My clear intent is to get the aws-iot-c-sdk based connection to AWS service using the ATECC608A working seamlessly. If this is done using openssl, or any other library there will be no reason to complain as long as it works by using the credentials off the ATECC608A.

I can only try your suggestions at this moment. So, I will give this fork a fresh evaluation with an assumption that no additional configurations are required to specifically use openssl as was explicitly stated in the post by @paulbartell .

Based on the marketing literature put out it was my understanding that this functionality is available and should be working out of the box.

[paulbartell]

@vishalSpintly : Regarding the marketing literature: amazon-freertos does indeed support the ATECC608. That implementation is targeted to a bare-metal / FreeRTOS environment and is not particularly well suited for use in a linux environment. It's certainly possible to use that implementation on linux, but it is not consistent with how pkcs11 is typically used in a linux environment.

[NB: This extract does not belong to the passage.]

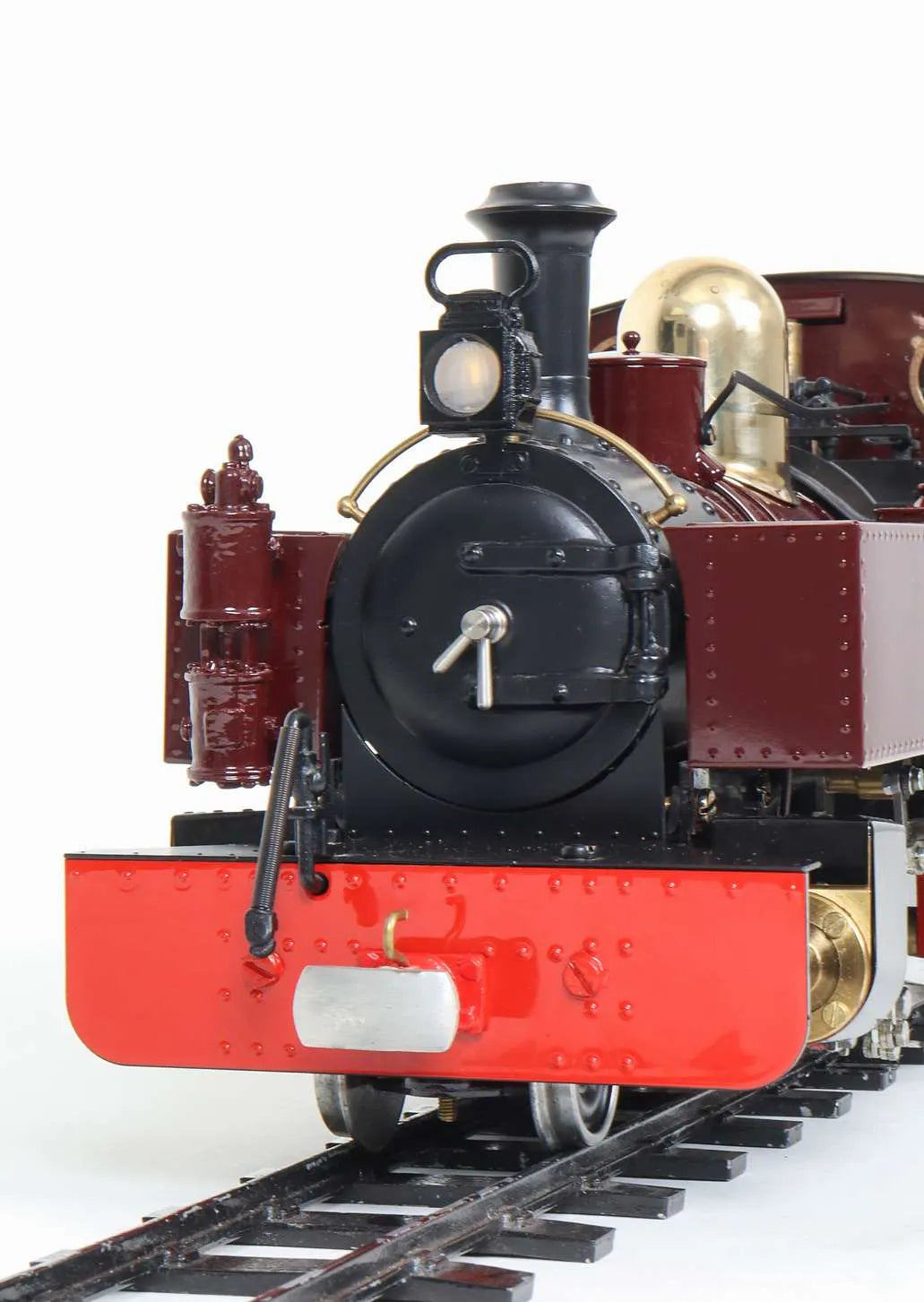 32mm narrow gauge radio-controlled Roundhouse WHR "Russell"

Re: Selecting a TLS library. It's expected that you may use a different build system to compile the portions of the sdk that are necessary for your application. This involves selecting which libraries and transport implementation that is best for your particular application. Openssl is the default option when using the included cmake build files.

[paulbartell]

@vishalSpintly : I've updated the feature branch with some bug fixes and documentation. Please let me know if you have any questions about the setup.

[vishalSpintly]

Hi @paulbartell I could not check on this as i had to focus on another critical task that came up. I am now back to working on this. My plan is to start afresh, by generating a fresh test setup with the Linux OS and support tools on our development environment first. I will document my steps and post my queries on this thread in my subsequent posts.

Look forward to your support.

[paulbartell]

@vishalSpintly I'm going to close this issue for now. Feel free to reopen it when you have some time to take a look.